Listen to the show:
Today’s host(s): Scot Landry and Fr. Mark O’Connell
Today’s guest(s): Msgr. Francis Strahan, Pastor of St. Bridget Parish in Framingham
Today’s topics: Pastor Profile: Msgr. Francis Strahan
Summary of today’s show: One of the legendary priests of the Archdiocese of Boston, Msgr. Francis Strahan, talks with Scot Landry and Fr. Mark O’Connell about his 52 years in the priesthood, including 18 years teaching future priests to sing at the seminary and 28 years as pastor of one of the largest parishes, St. Bridget in Framingham. Msgr. Strahan also recalls the experience of leading an archdiocesan choir for Pope John Paul II’s Mass on Boston Common in 1979 (and why the choir ended up dyed red), and how on a later trip to Rome, the Holy Father acted as a music critic for Monsignor’s musical performance.
1st segment: Scot welcomed Fr. Mark back to the show and they discussed the end of the liturgical year and Fr. Mark’s busy day. It’s also the last weekend with the old translation of the Missal we use for Mass. Scot said it’s also the weekend for the Cheverus Awards at the Cathedral of the Holy Cross on Sunday at 3pm. They are the unsung heroes of the archdiocese.
Scot said one of the legends from within the presbyterate of the archdiocese is Msgr. Francis Strahan. Fr. Mark said all the priests look up to him.
2nd segment: Scot and Fr. Mark welcomed Msgr. to the show. His hometown is Everett, which he calls the Riviera of the East. He’s been a priest for 52 years now. He first heard the call by being inspired by the priests of his parish as well as a nun who taught music. Fr. Bill O’Neill was a great influence. In those days, there were 4 priests in the rectory.
Msgr. said his parents were talented musicians and there was always music in his home. They sang a lot in Mass in those days, with singing throughout the Mass even during the prayers of the priest. He spent two years at Boston College and then moved to the seminary. In the seminary, he was in the choir. He eventually did some cantoring and really enjoyed that.
After ordination, he was assigned to St. James the Greater Parish in Boston. He was invited to formally study music at the New England Conservatory so he could eventually teach it at the seminary. The parish was in Chinatown and the theater district and garment district, and they had a lot of city ministry to workers downtown. His degree at the conservatory was in voice and conducting and theory.

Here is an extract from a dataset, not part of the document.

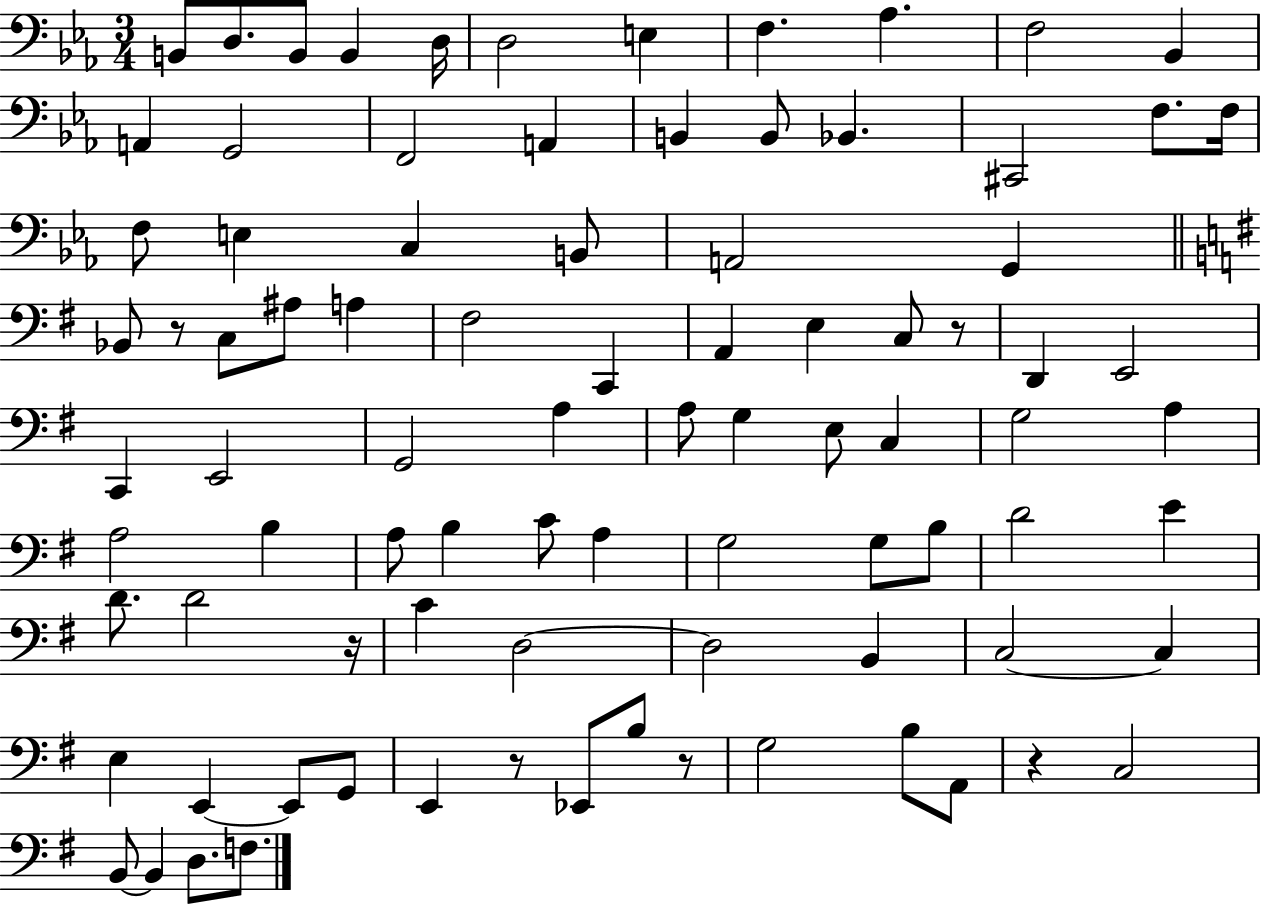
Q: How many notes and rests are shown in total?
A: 88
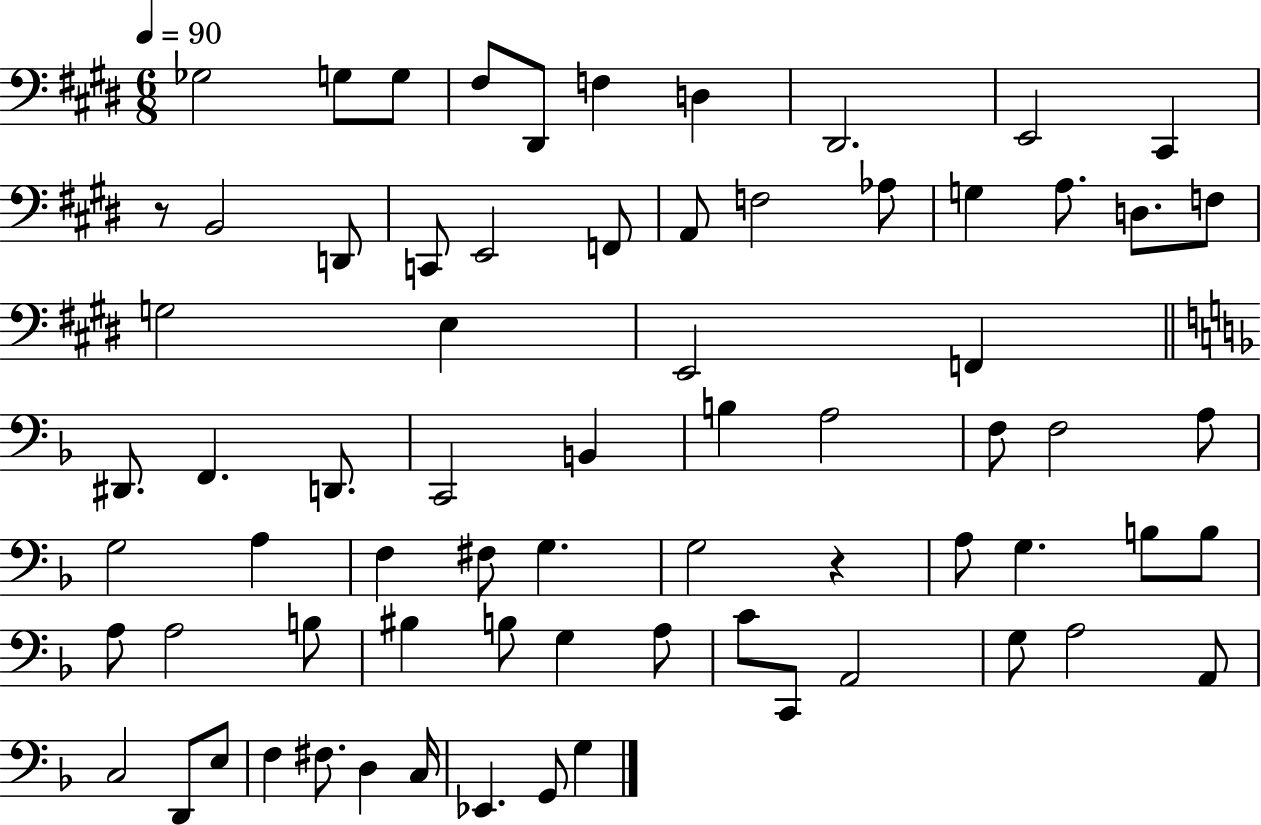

Msgr. Strahan taught full-time at the seminary for 18 years. He said it was a challenge, especially in the late 60s to 70s, with the change of the Mass from Latin to English. Most of the men were very dedicated to the learning. Those who sang in the choir still say that it was an enjoyable time. The Christmas choir was half men who couldn’t almost sing and half who could sing very well.
Msgr. Russell Davis was the one who recruited Msgr. Strahan to replace him teaching music at the seminary. Davis had been at the seminary for 18 years himself. Msgr. Strahan taught at both St. John and Blessed John XXIII seminaries.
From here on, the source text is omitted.